Когда я вернулась, Макс спал. Он даже не снял сапог, не потушил оплывающей свечи. Он лежал на спине, разметавшись, с перчатками под головой. Заскрипела дверь, прозвучали мои шаги, нет, он не проснулся. Он так раскидался, что мне негде было лечь. Я дунула на свечку и кое-как примостилась сбоку. Я могла бы заснуть и сидя: по сути дела, я уже спала на ходу, когда шла сюда через двор.
...Пусть он не любит и никогда не полюбит меня. Хотя это страшно глупо, с этой Анне Мари, которая осталась на том берегу. Когда еще он доплывет до нее? И доплывет ли? Но все равно, он моя первая любовь, И другой никогда не будет.
Было тепло в бане и очень тихо. А то, что трещал сверчок, так от этого было еще тише. Другим девушкам, которые полюбили в первый раз, — им поет соловей. А мне только сверчок в черной бане. И мой любимый дрыхнет рядом на соломе, не сняв даже сапоги. И видит во сне никак не меня, а вернее всего, какого-то мерзкого Леопольда из Шпандау. Но все равно, все равно...
Я медленно и с наслаждением погружалась в мягкий сугроб сна. Я уже была где-то в самой глубине, где только тени людей и предметов перебегали в синей дремотной дымке.
Меня выбило из этой глубины упругим и сильным толчком. Я оказалась на поверхности, с трудом справляясь с дыханием, так силён был толчок. Я ухватилась за Макса, чтобы снова не отрываться от земли. Он обнял меня. И на этот раз нас подбросило обоих. Пол под нами ходил ходуном. Земля содрогалась от толчков неслыханной силы.

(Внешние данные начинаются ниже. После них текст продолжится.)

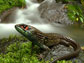 a new species of stream-living lizard discovered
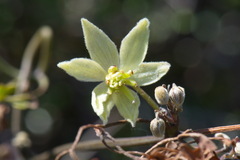 Clematis foetida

— Нас сейчас тут завалит, — сказал Макс,
Мы схватили «белку» и выскочили наружу. Было светло как днем. На северо-востоке полыхало зарево. Бомбовые удары следовали один за другим, пока не слились в одно могучее сотрясение, от которого взревел воздух. Гул ширился, раздирая уши, и на его низко рокочущем фоне раздавались отдельные хлопки, как будто трещали поленья в гигантской печи. Иногда прорывалась сирена пожарной машины, но ее голос тонул в адском шуме.
— Они уже улетели, — сказал Макс, — это детонация.
Зарево разрослось вполнеба.
— Ты видишь, Макс, где? Ты видишь? — кричала я вне себя, как будто могли быть какие-нибудь сомнения в том, что именно подрывается и горит.
Макс молчал. И вдруг я услышала какой-то звук. Было странно, что я услышала его в этой грозе, в этом грохоте. Но он раздался совсем близко. Словно тихий всхлип. Я обернулась и при свете зарева увидела, что Макс плачет. Он плакал, не таясь, размазывая слезы по лицу своими знаменитыми перчатками. И только сейчас я заметила, что сама плачу и, наверно, уже давно: моя телогрейка была вся мокрая на груди.